NextImg:Opinion | Biden Sought Peace but Facilitated War

When Israel defied America’s appeals for restraint by invading Lebanon a few days ago, a reporter asked President Biden if he was comfortable with what had unfolded.

“I’m comfortable with them stopping,” Biden replied plaintively. “We should have a cease-fire now.” He walked away from the podium, grouchy, frustrated and impotent, a self-diminishing president.

It was the latest sign of how Biden keeps getting rolled by Prime Minister Benjamin Netanyahu of Israel. As the political scientist Ian Bremmer said of Biden’s words on the invasion: “Impact: zero.”

Instead of midwifing the landmark Middle East peace that he hoped for, Biden became the arms supplier for the leveling of Gaza — a war that killed more women and children in a single year than any other war in the last two decades, according to Oxfam.

Biden has been calling for restraint for a year, but he marginalized himself by continuously providing the weapons that allowed his appeals to be ignored. He appealed to the better angels of Netanyahu’s nature, but it’s not clear that they exist.

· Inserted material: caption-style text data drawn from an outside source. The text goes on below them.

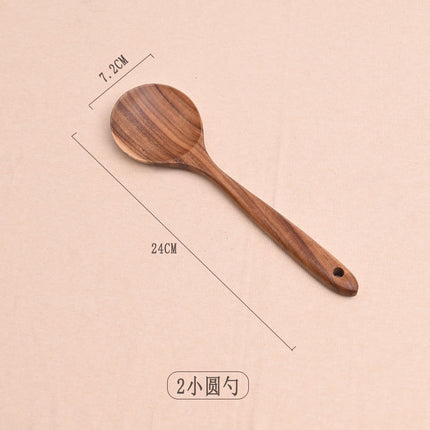 Paint-free Wax-free Wooden Cooking Spoon Shovel suit Kitchenware Long Handle Non-stick Pan Stir-frying Shovel Wooden Acacia Soup Spoon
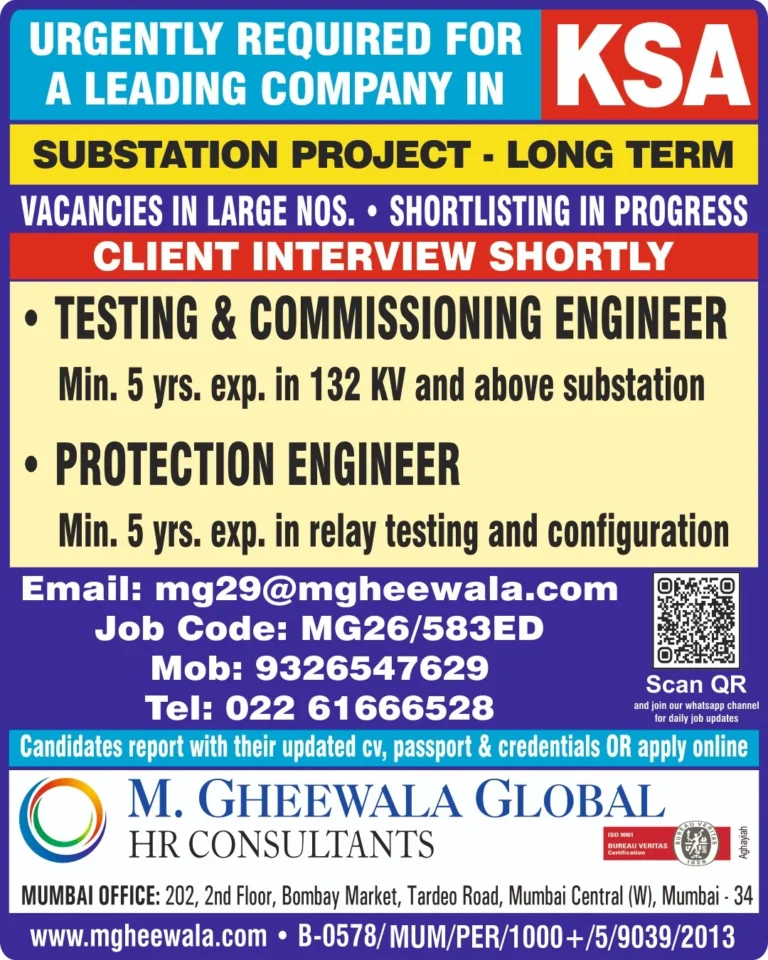 Saudi Arabia Substation Project Jobs 2026 – Testing & Commissioning Engineer and Protection Engineer Vacancies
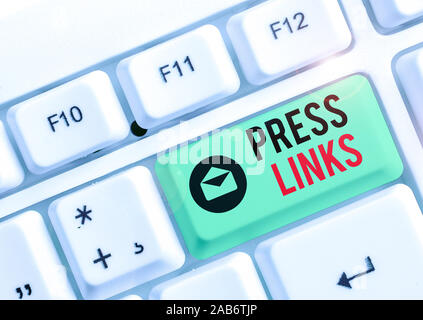 Text Zeichen angezeigt Presse Links. Business Foto Text soll ein Ort s analysisipulate ist das Ranking in Google Suche Stockfoto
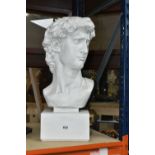 A MODERN RESIN MALE BUST, of classical style, 'House Parts Inc' sticker to base, height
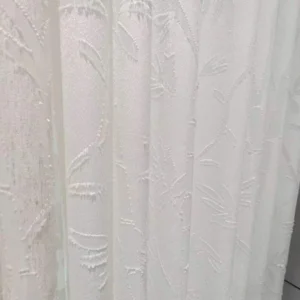 Abstract wave jacquard sheer curtain fabric with clipped spot texture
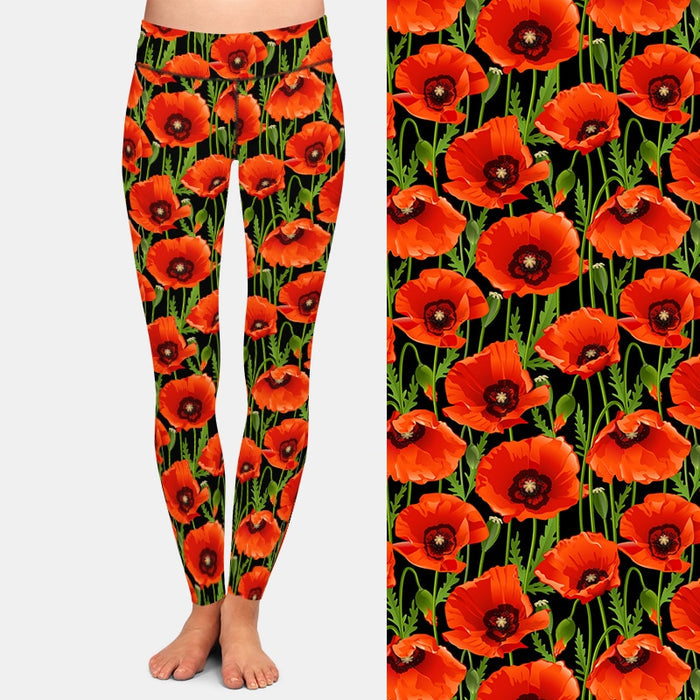 Ladies Beautiful 3D Poppies Printed Leggings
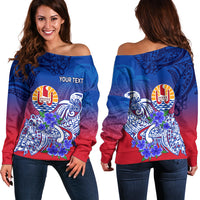 (Custom Personalised) Tahiti Off Shoulder Sweater Polynesian Floral Tribal LT9 Women Blue - Polynesian Pride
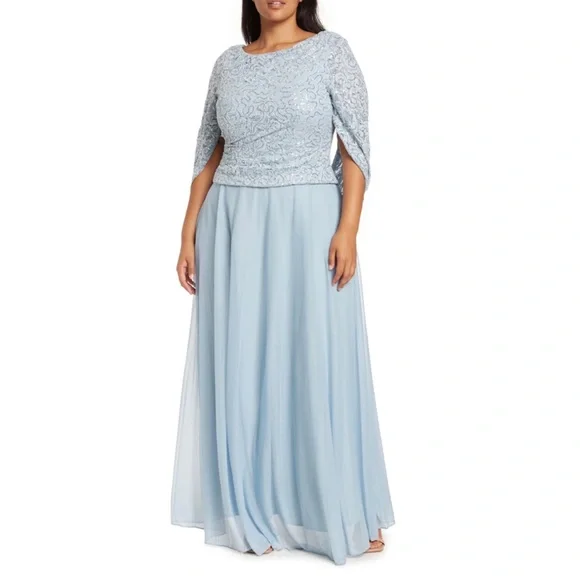 Marina Lace Capelet Gown in Sky at Nordstrom Rack, Size 8 Marina Lace Capelet Gown in Sky at Nordstrom Rack, Size 8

Biden restricted and conditioned U.S. arms transfers to Ukraine but worried that doing the same to Israel might tempt Hezbollah to attack it. So Biden kept the arms flowing (with the exception of at least one shipment of 2,000-pound bombs) and never imposed serious restrictions on their use. This impunity emboldened Netanyahu to ignore Biden, and the upshot is that Biden has nurtured not a regional peace but, it seems, a regional war — with America at risk of being sucked in.